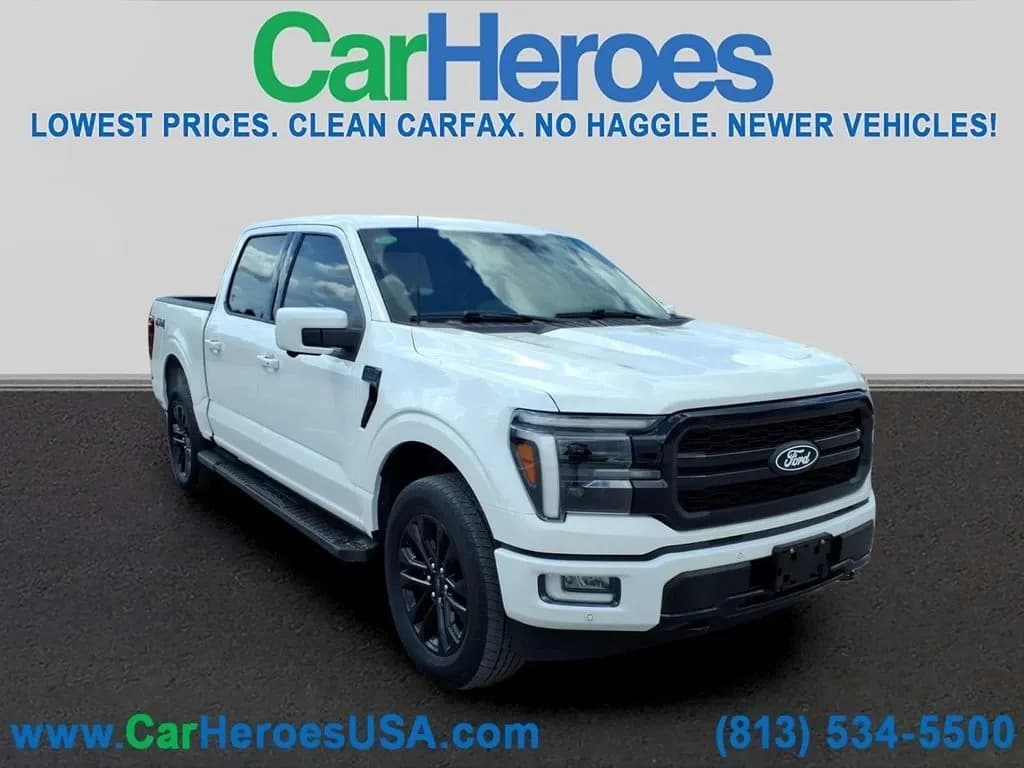 2024 Ford F-150 - Pickup
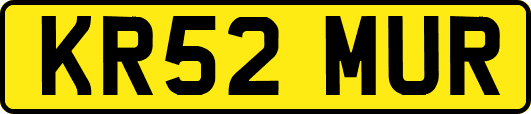 KR52MUR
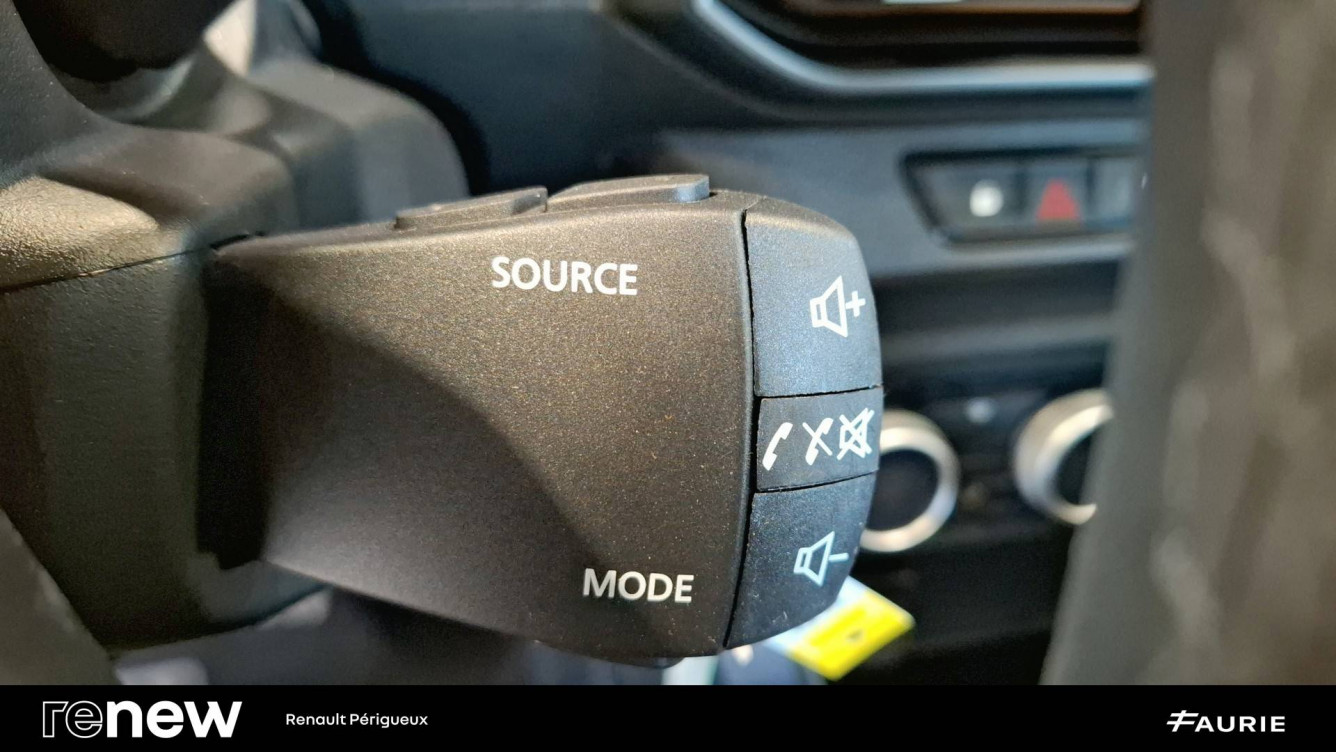 Acheter Dacia Sandero Sandero ECO-G 100 Stepway Expression + 5p occasion dans les concessions du Groupe Faurie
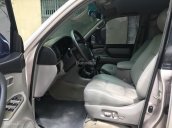 Cần bán xe Toyota Land Cruiser GX4.5 2004, màu vàng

How to complete this task :: Restate all of the material word for word. Keep out every picture.

Exercise answer ::
 2024 Ford F-150 - Pickup
 KR52MUR
 Acheter Dacia Sandero Sandero ECO-G 100 Stepway Expression + 5p occasion dans les concessions du Groupe Faurie
 Cần bán xe Toyota Land Cruiser GX4.5 2004, màu vàng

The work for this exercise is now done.